[Work to complete]: Look for the line with "aus drei Jahrzehnten』の本のページのイラストです。女性がスカートを持ち上げているイラストが描かれています。" in the entries below, then extract that line and all lines after it exactly, with pictures left out.

[Supplied records]:
-*-*-
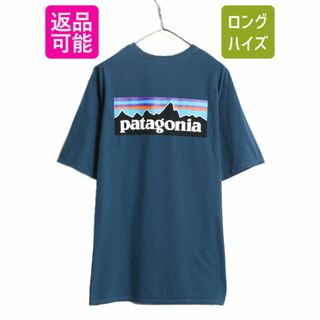 パタゴニア(patagonia)のパタゴニア 両面 プリント 半袖 Tシャツ メンズ L / Patagonia アウトドア P6 ボックスロゴ バックプリント クルーネック ブルー グリーン(Tシャツ/カットソー(半袖/袖なし))
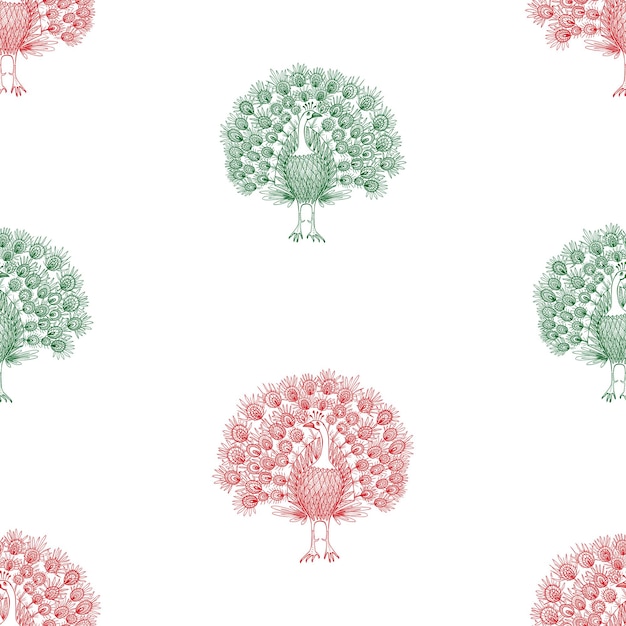 Seamless background of drawn red and green decorative peacocks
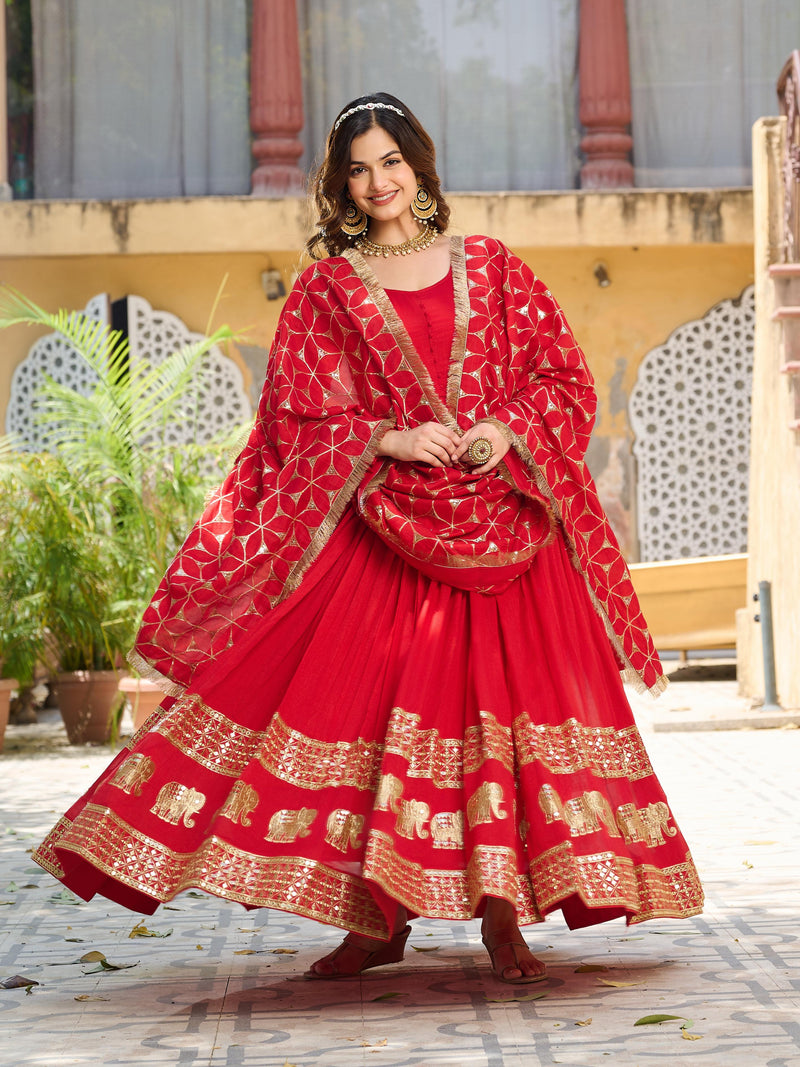 Womenline Red Color Festival Long Gown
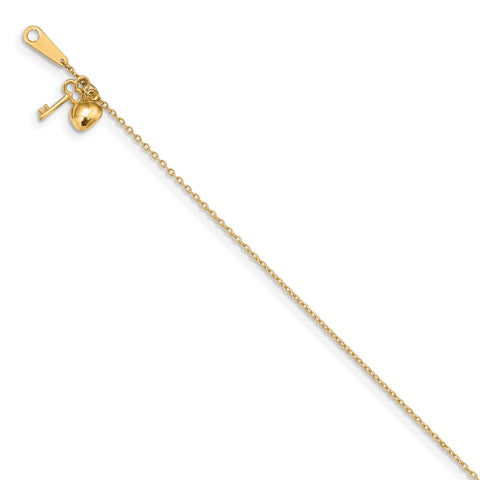 14k Gold Heart and Key Anklet ANK289 - shirin-diamonds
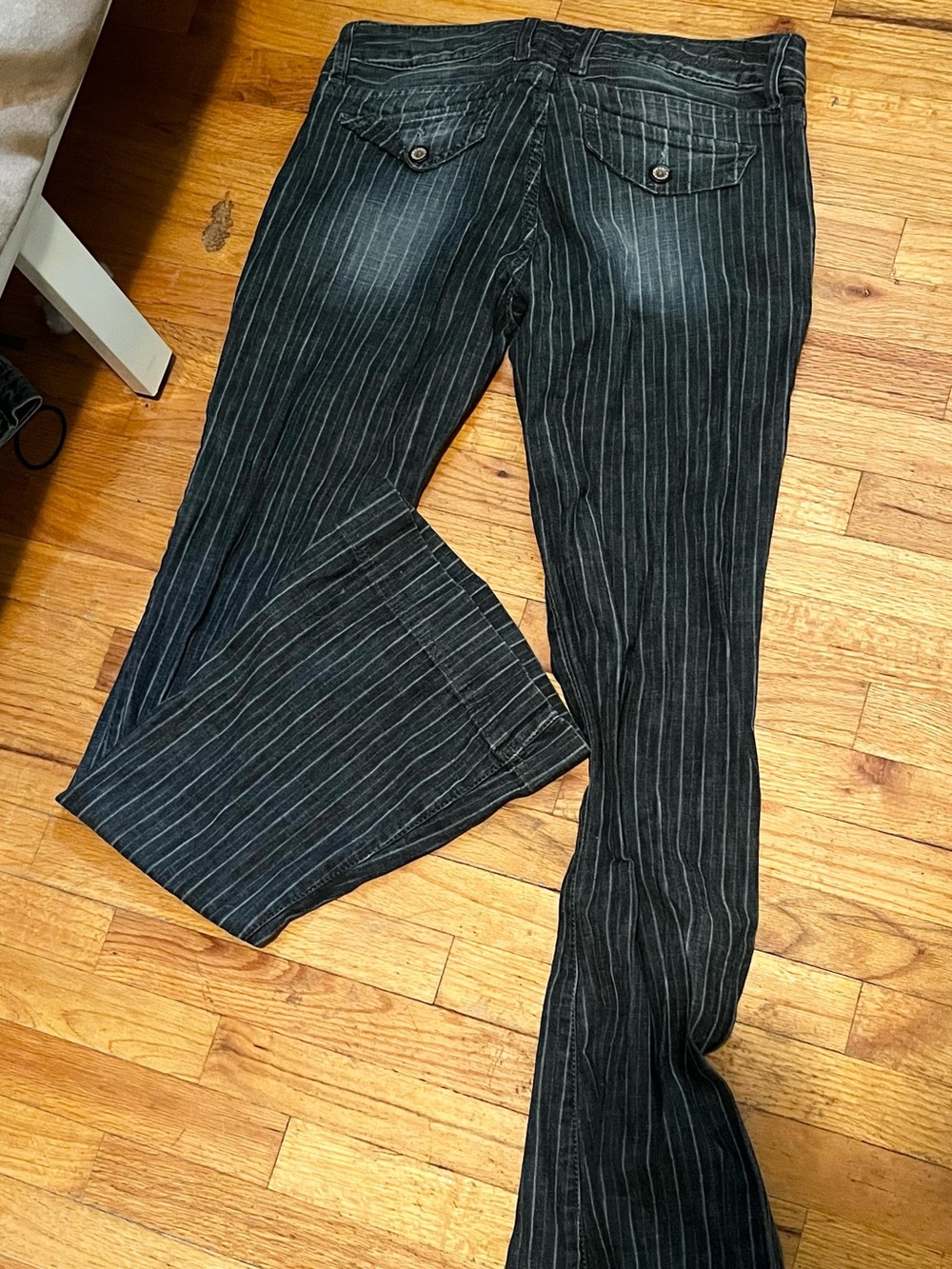 Guess Blue Pinstripe Wide Leg Jeans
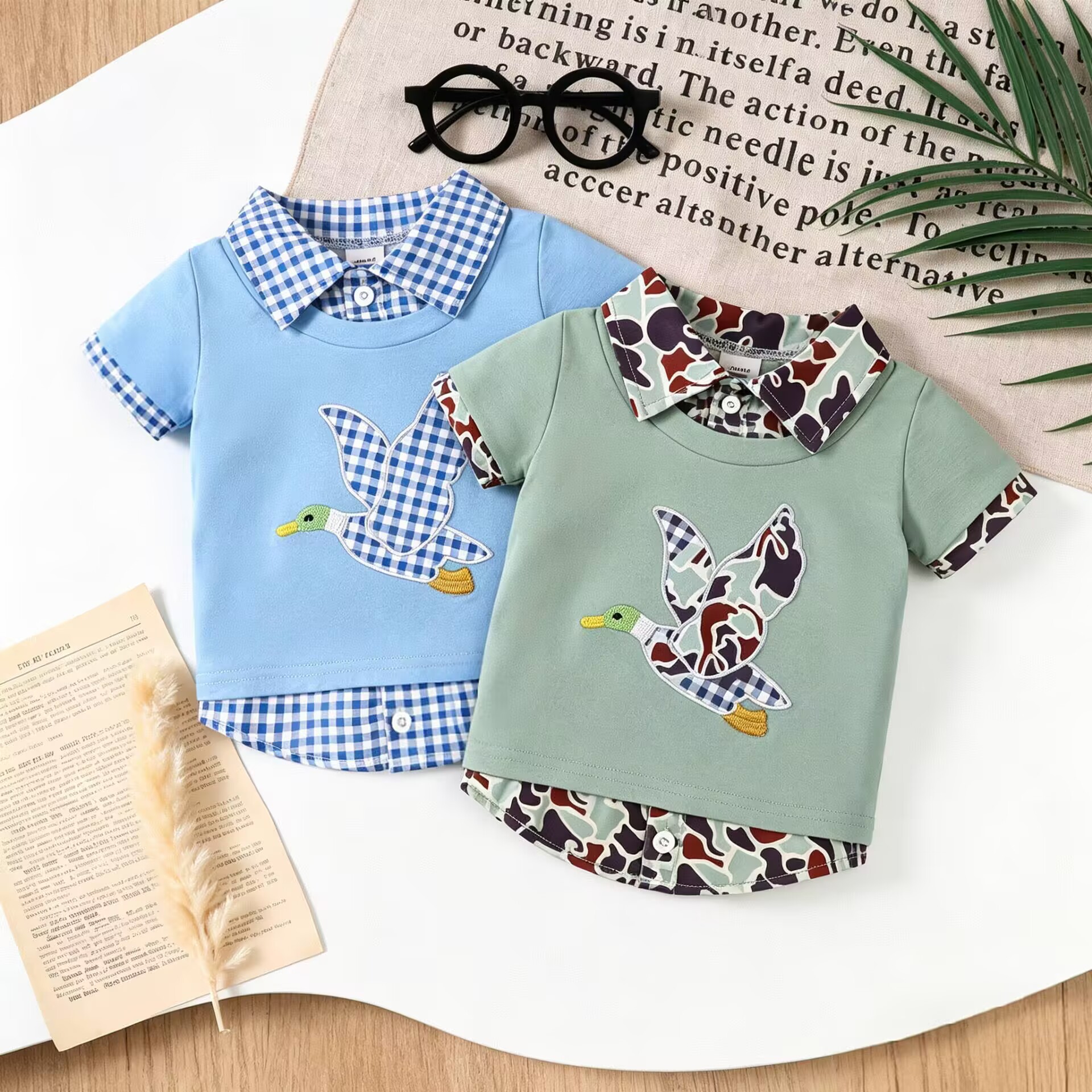 Casual Kids' Short Sleeve Polo Shirt with Duck Embroidery, Turn-Down Collar, Summer Clothing for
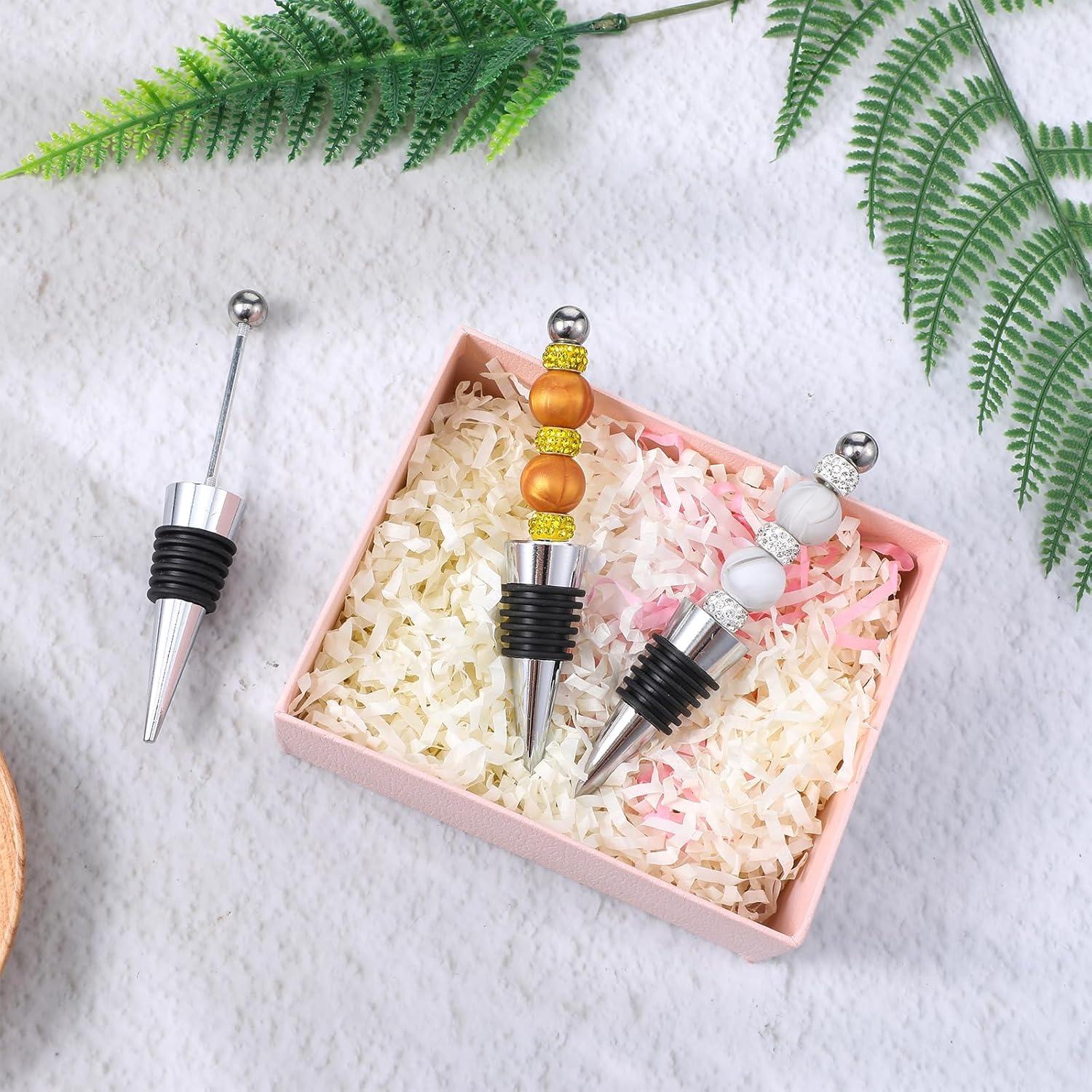 24 Tapones de Vino Reutilizables Lemecima con Perlas Decorativas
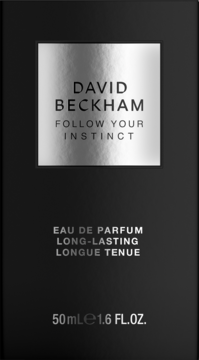 Czarny kartonik David Beckham Follow Your Instinct 50ml EDP, z metaliczną etykietą, widok z przodu.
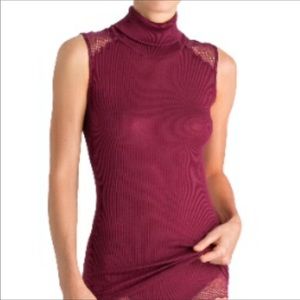HANRO RUBINA WOOL/SILK BURGUNDY TOP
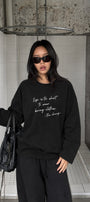 Kadın Relaxed Fit Sweatshirt Life Is Too Short Baskılı Siyah – Bisiklet Yaka, 3 İplik Şardonsuz
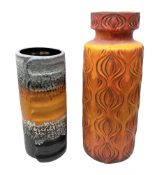 Two large West Germany pottery vases of cylindrical form with black and orange moulded decoration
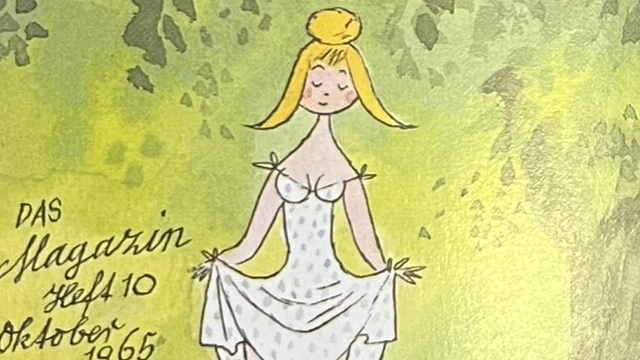『Magazin-Titelbilder aus drei Jahrzehnten』の本のページのイラストです。女性がスカートを持ち上げているイラストが描かれています。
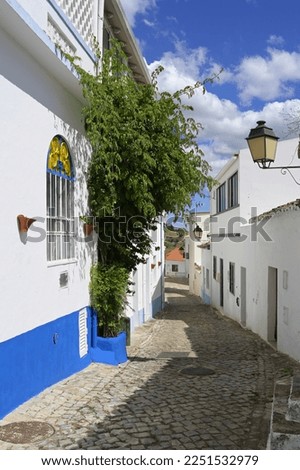 White houses and narrow streets in Alte, Loule, Algarve, Portugal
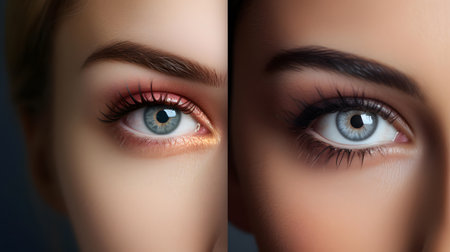Beautiful blue eyes of young woman before and after retouchingの素材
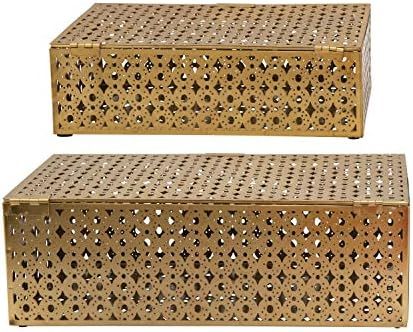 Creative Co-op Metal Cut-Outs, Gold Finish, Set of 2 Storage Box, 2 | Amazon (US)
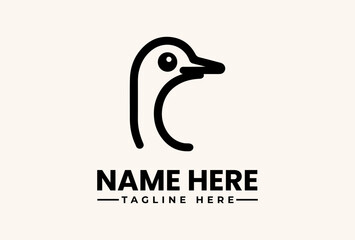 A minimalist vector illustration of a duck's head logo with a placeholder name and tagline on a clean white background.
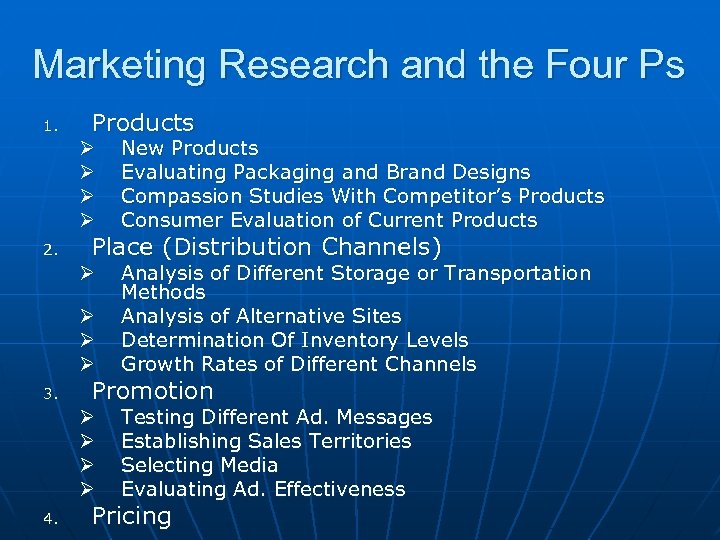 Marketing Research and the Four Ps 1. Products Ø Ø Ø Ø 3. 4.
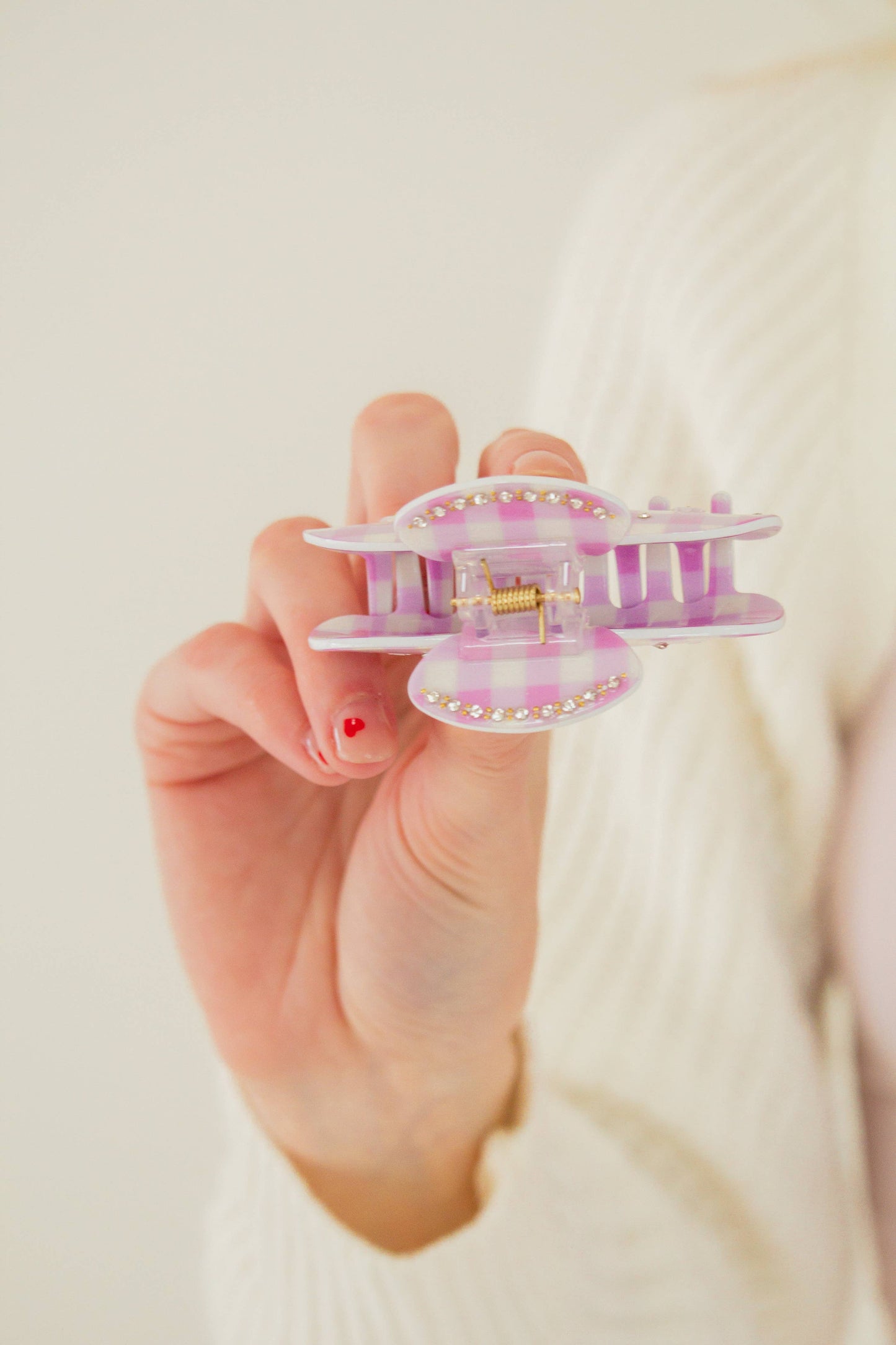 Daisy Checked Claw Clip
-*-*-
[Response below]:
『Magazin-Titelbilder aus drei Jahrzehnten』の本のページのイラストです。女性がスカートを持ち上げているイラストが描かれています。
 White houses and narrow streets in Alte, Loule, Algarve, Portugal
Beautiful blue eyes of young woman before and after retouchingの素材
 Creative Co-op Metal Cut-Outs, Gold Finish, Set of 2 Storage Box, 2 | Amazon (US)
 A minimalist vector illustration of a duck's head logo with a placeholder name and tagline on a clean white background.
 Marketing Research and the Four Ps 1. Products Ø Ø Ø Ø 3. 4.
 Daisy Checked Claw Clip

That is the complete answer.